▶ [Data for analysis]:
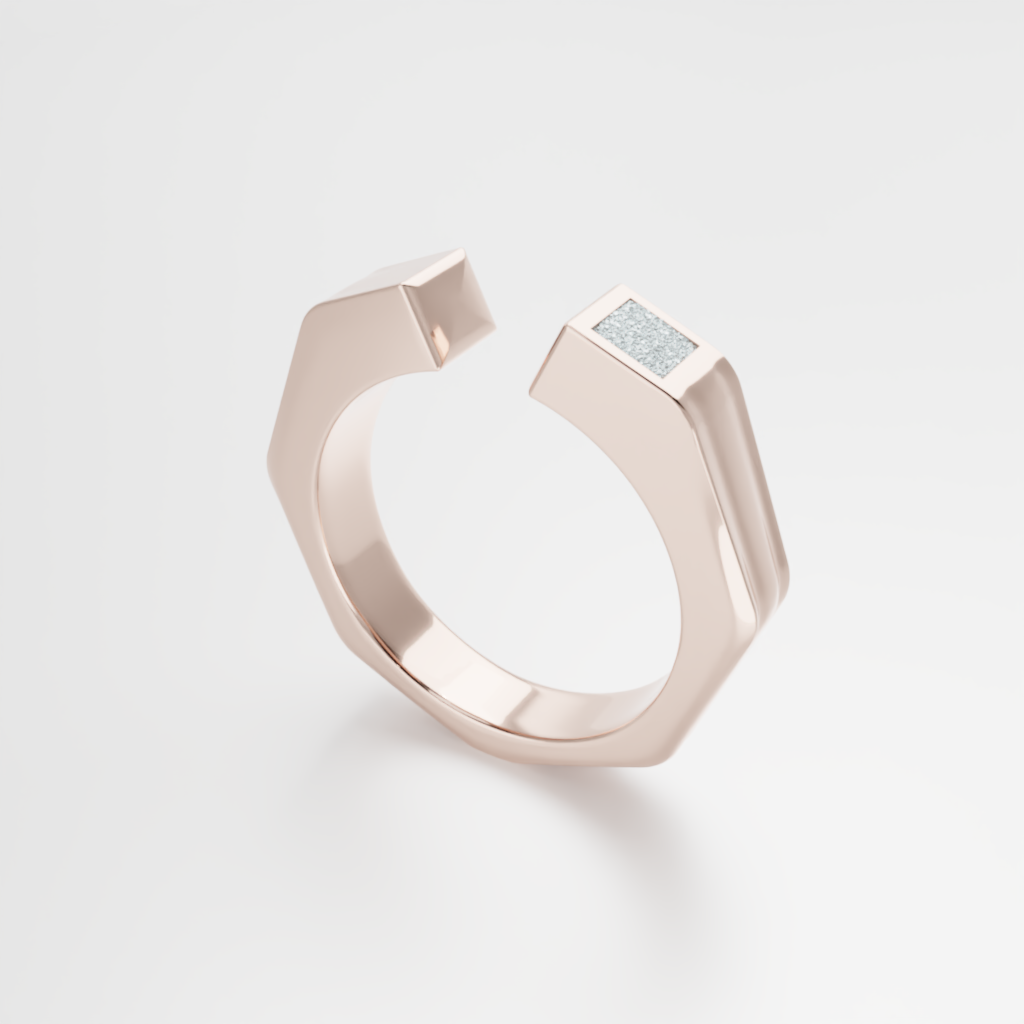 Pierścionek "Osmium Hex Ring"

* * *

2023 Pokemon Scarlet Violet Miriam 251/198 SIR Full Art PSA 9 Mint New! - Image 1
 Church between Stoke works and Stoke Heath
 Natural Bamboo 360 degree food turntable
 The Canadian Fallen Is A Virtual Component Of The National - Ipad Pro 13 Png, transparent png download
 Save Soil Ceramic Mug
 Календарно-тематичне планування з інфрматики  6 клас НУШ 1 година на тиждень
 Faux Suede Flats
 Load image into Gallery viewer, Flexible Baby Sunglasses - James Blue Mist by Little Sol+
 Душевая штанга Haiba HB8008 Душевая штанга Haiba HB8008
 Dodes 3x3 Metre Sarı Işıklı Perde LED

▶ [Goal of the exercise]: Set down exactly the lines of the data above, beginning with the line that has "Save Soil Ceramic Mug" and ending with the line that has "Душевая штанга Haiba HB8008 Душевая", and no others.

▶ [Reply to the task]:
 Save Soil Ceramic Mug
 Календарно-тематичне планування з інфрматики  6 клас НУШ 1 година на тиждень
 Faux Suede Flats
 Load image into Gallery viewer, Flexible Baby Sunglasses - James Blue Mist by Little Sol+
 Душевая штанга Haiba HB8008 Душевая штанга Haiba HB8008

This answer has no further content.